Florida Institute of Technology mathematics assistant professor Dr. Nezamoddin N. Kachouie, along with his collaborators, has developed a method for tracking and estimating mountain glacier change via satellite images. Ground based measurements of the terminus point – the point where the glacier meets water or ground – are available for some glaciers. However, ground measurement requires scientists to physically travel to mountain glaciers, but many of them are inaccessible or extremely difficult to visit, which limits the data to which researchers have access.
Tracking changes in mountain glaciers is an important part of studying climate change because their extent is used as an indicator of climate. In addition, mountain glaciers often serve as important water resources for people living in nearby geographic areas. Because of the limited number of ground observations relative to the number of mountain glaciers, satellite-based estimation of mountain glacier change is very useful. Kachouie’s team set out to try to make it easier to track the changes to these more remote mountain glaciers by using images available through Landsat, a collection of space-based satellite images, which have been publicly available since 2009, but go back as far as the 1970s.

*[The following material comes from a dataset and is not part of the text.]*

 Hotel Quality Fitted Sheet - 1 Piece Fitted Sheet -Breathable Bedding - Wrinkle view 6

As part of their research, which will be published in the March 2015 issue of IEEE Transactions on Geoscience and Remote Sensing, Kachouie and his collaborators developed a suite of techniques that allows the research team to locate terminus points on Landsat images of mountain glaciers, track the changes over time by comparing these points and evaluate them using a variety of mathematical and statistical methods, which they also developed.
“Basically, this is a hybrid method — a combination of image processing, statistical analysis and pattern recognition techniques — to address an important problem,” Kachouie said. “The approach has a reasonable estimate and demonstrated promising results. It can be potentially extended to predict what we may expect to see in the future if the same trend continues.”

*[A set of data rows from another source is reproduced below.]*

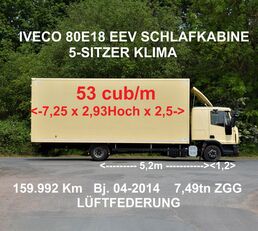 IVECO EUROCARGO 80E18 KOFFER 53m 5-SITZER SCHLAFKABINE box truck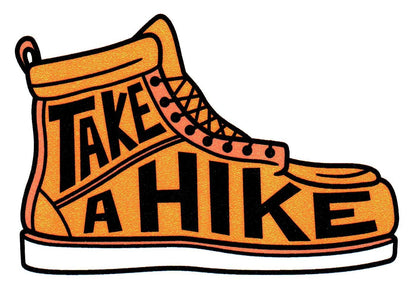 Take A Hike Yellow Shoe Sticker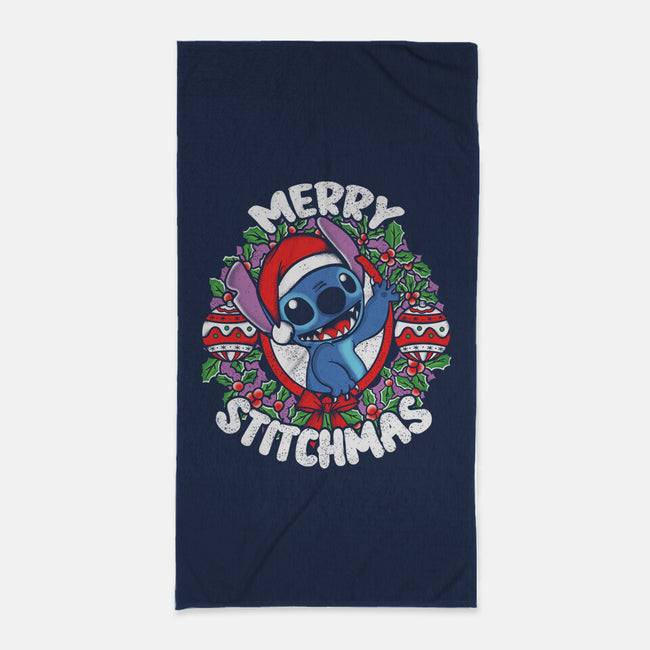 Merry Stitchmas-none beach towel-turborat14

Understanding the effects of climate change on glaciers is important to the lives of people. “If, because of the change in the temperature, we have an abrupt melting process in a short amount of time, there are some consequences we need to deal with,” Kachouie said. “If, for example, the recession of the glacier has been expedited, we expect increased chances of flooding in the short term, and loss of water resources in the long term. It helps to have plans for consequences in the short, mid and long term.”

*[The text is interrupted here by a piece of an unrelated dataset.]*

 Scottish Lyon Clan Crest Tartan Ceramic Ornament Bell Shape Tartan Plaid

Tackling this complex problem required an interdisciplinary research team. Kachouie worked alongside an epidemiologist, an earth and planetary scientist, and a statistician to complete this research. “This is a multidisciplinary problem and needs to be addressed by a team with multiple different majors, disciplines, and expertise,” he said.
The team plans to apply this method to more mountain glaciers, including those where ground measurements are unavailable, in order to estimate mountain glacier change in the past. It may also help predict how glaciers will change in the near future and which geographic areas might be most affected if the current trend of glacier change continues.